And of course the first thing that must be mentioned is that many terrible things are coming, most of which are not going to happen. Worry agonizes over a thousand things, most of which do not materialize, and all that expended energy doesn’t do anything much except tighten up all the muscles in your shoulders and neck, and give you problems with sleeping. So each day has enough trouble without you bringing in your imaginary supplements (Matt. 6:34).

But at the same time, sharply distinct from sinful worry, we do find in Scripture the virtue of prudence. A prudent man sees possible trouble and prepares accordingly. The first proverb below commends the wisdom of preparation, and the second one condemns the practice of reading every hysterical thing on the web you can find, and getting yourself into all of a doodah.
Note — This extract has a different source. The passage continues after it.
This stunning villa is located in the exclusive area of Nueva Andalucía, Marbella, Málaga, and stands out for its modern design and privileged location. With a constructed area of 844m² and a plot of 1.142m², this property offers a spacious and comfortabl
“A prudent man foreseeth the evil, and hideth himself: But the simple pass on, and are punished.”

Proverbs 22:3 (KJV)

“The simple believeth every word: But the prudent man looketh well to his going.”

Proverbs 14:15 (KJV)

As you work through this list below, it should become quickly apparent that these are things that all of us ought to be doing anyway, all the time, regardless of what’s coming. These would be good to do in themselves, even if you were personally assured by the archangel Gabriel that all your future circumstances were going to be a pleasant and sunny 72 degrees, and with a slight breeze off the lake.

What pending trouble does is remind us of our duties, but these are not just our duties in times of pending trouble, but rather are our constant duties, as pending trouble so kindly reminds us.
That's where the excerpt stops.